**EXTRACTED MATERIAL**
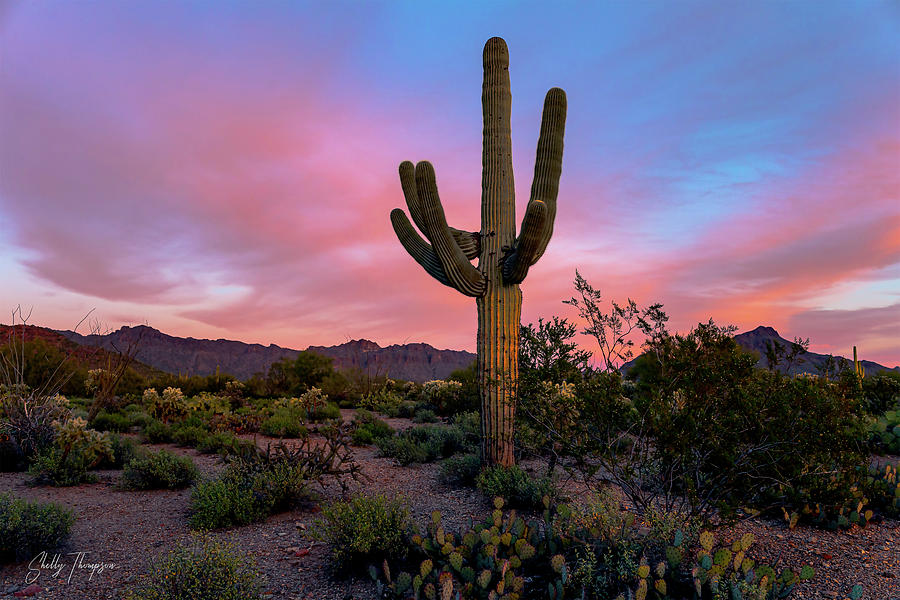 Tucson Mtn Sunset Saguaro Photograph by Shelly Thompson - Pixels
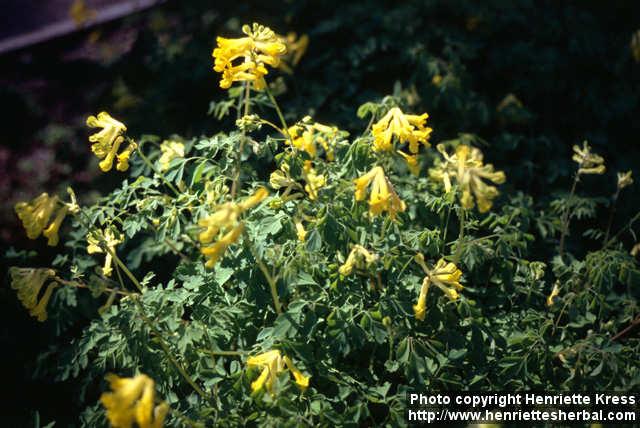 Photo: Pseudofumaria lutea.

==

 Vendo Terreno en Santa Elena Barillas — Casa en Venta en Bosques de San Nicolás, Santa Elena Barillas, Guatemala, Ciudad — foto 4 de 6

**WORK REQUIRED**
Which part of the entries opens with the line containing "Tucson Mtn Sunset" and closes with the line containing "Photo: Pseudofumaria lutea."? Output that part exactly, ends included, pictures excluded.

**WRITTEN RESPONSE**
 Tucson Mtn Sunset Saguaro Photograph by Shelly Thompson - Pixels
 Photo: Pseudofumaria lutea.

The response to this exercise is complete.